Exercise details » Would you repeat exactly the part of the listing below that runs from the line containing "LIONEL CHRISTMAS TREE" down to the line containing "Quality High Corrosion", inclusive, and nothing else?

*** Available data ***

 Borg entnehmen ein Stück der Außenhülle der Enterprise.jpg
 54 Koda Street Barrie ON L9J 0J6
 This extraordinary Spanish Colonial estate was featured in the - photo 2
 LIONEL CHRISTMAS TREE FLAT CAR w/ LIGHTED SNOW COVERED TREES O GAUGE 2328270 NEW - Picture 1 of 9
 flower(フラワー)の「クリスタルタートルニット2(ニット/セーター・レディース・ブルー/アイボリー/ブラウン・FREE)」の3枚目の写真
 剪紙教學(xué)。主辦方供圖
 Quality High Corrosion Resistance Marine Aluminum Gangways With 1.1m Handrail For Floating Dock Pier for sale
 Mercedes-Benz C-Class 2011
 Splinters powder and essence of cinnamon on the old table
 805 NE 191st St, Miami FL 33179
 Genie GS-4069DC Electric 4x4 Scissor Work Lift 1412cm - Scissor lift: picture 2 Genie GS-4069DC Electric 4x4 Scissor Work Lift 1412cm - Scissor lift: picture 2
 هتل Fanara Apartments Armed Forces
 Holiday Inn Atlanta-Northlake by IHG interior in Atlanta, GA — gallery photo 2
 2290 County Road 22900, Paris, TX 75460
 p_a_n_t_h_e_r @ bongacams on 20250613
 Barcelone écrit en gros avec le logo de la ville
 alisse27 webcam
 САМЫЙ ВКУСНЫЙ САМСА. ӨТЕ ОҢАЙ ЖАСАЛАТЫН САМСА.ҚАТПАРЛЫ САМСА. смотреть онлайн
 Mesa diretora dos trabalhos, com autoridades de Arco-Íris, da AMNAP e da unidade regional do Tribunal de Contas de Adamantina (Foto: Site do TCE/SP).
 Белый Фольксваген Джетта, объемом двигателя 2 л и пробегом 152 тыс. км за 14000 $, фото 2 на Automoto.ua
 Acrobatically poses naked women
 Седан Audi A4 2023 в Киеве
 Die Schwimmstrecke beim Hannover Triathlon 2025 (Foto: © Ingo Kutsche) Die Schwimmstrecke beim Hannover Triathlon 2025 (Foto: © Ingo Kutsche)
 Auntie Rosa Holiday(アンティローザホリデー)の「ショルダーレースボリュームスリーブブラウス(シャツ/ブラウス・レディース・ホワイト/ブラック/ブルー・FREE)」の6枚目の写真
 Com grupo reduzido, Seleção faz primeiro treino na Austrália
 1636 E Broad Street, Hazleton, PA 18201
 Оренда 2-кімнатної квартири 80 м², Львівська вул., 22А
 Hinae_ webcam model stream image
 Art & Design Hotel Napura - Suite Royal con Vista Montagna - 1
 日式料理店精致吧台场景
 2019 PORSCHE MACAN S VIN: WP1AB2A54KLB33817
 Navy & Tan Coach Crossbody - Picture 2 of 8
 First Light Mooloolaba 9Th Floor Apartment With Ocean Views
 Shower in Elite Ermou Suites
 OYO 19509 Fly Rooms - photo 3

***

Answer space »
 LIONEL CHRISTMAS TREE FLAT CAR w/ LIGHTED SNOW COVERED TREES O GAUGE 2328270 NEW - Picture 1 of 9
 flower(フラワー)の「クリスタルタートルニット2(ニット/セーター・レディース・ブルー/アイボリー/ブラウン・FREE)」の3枚目の写真
 剪紙教學(xué)。主辦方供圖
 Quality High Corrosion Resistance Marine Aluminum Gangways With 1.1m Handrail For Floating Dock Pier for sale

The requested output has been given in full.